How much money can you squeeze out of a building? Rather a lot, it turns out. Since the National Australian Built Environment Rating System started to be used as a measuring stick for the energy efficiency of office buildings in 1998, more than $100 million a year has been shaved off power bills compared to 2010 levels. In terms of CO2 emissions, that’s the equivalent of taking 160,000 cars off the road.
Now the plan is to apply the same stringency to apartment buildings, with federal and state governments committed to funding a rating tool that will encourage sustainability upgrades and cut power bills.
When it is operational, with a test version expected early next year, the program will measure energy performance of apartments nation-wide on a scale of one to six stars, as part of the Australian National Energy Productivity Plan’s 2030 target to achieve a 40% increase in productivity of national energy usage.
Where the waste is
Egregious energy waste in apartment buildings often goes undetected, says NABERS national program manager Carlos Flores, because it is concealed within central services such as common lighting, lifts, heating, ventilation and air-conditioning systems, pool pumps, hot water systems, sensors and building management systems.

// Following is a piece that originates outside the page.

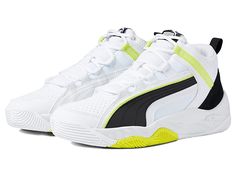 PUMA Rebound Future Evo Core - Men's Shoes : Puma White/Puma Black/Light Lime : Add some style to your walk wearing the cool PUMA Rebound Future Evo Core sneakers. Textile and synthetic upper. Textile lining. Textile insole. Lace-up closure. Pull tab included. Branding on tongue and pull tab. Synthetic outsole. Imported. Measurements: Weight: 14 oz Product measurements were taken using size 9, width D - Medium. Please note that measurements may vary by size. Weight of footwear is based on a sing Mesh High-top Sneakers For Running, White High-top Running Shoes With Breathable Mesh, Mesh High-top Running Sneakers With Cushioned Footbed, Dynamic Synthetic Basketball Shoes For Sports, Mesh High-top Sneakers With Cushioned Footbed For Running, White Low-top Basketball Shoes With Breathable Mesh, White Breathable Mesh High-top Sneakers, White High-top Sneakers With Breathable Mesh, Synthetic Lace-up Basketball Shoes For Training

“A lot of us are good at managing energy that you can see and that you control, but when the energy is held centrally it becomes kind of invisible to most people occupying a building,” Flores says. “If no-one has any indication of how energy efficient or inefficient a building is, all of that becomes really invisible.”
Central consumption can make up to half the occupants’ energy costs in many apartment blocks, he says.

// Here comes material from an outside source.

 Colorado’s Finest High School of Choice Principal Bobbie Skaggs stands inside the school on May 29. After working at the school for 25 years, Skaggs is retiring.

Standards for sustainability in residential apartments are contained in Section J of the Building Code of Australia, which a few experts in the industry reckon is ripe for improvement. “The apartment sector is one where government and a lot of people in the industry know, as a country, we could do a lot better,” Flores says.
Tool for the job
NABERS is working on developing an assessment tool with help from federal and state governments and local councils, who Flores says have been among the most enthusiastic advocates of the program since the apartment market is so concentrated to metropolitan centres. (NABERS is managed nationally by the NSW Office of Environment and Heritage on behalf of Commonwealth, state and territory governments.)
In the office market local councils City of Sydney and Melbourne have minimum requirements for NABERS ratings that are beyond the building code. Such incentives don’t exist in the residential sector partly because there is no tool to apply. “Creating a tool for apartments opens the door for that.”
Some councils are considering subsidies or financial incentives and training, he says. “Many apartment buildings have strata structures, so it’s about working with the owners and renters of those buildings to create incentives.”
It won’t be easy. Landlords will be tempted by subsidies and incentives for sure, but what’s to stop them passing on the cost of upgrades to tenants — cancelling out the effect of lower energy bills. “I’m not saying it’s not going to be tough,” he says.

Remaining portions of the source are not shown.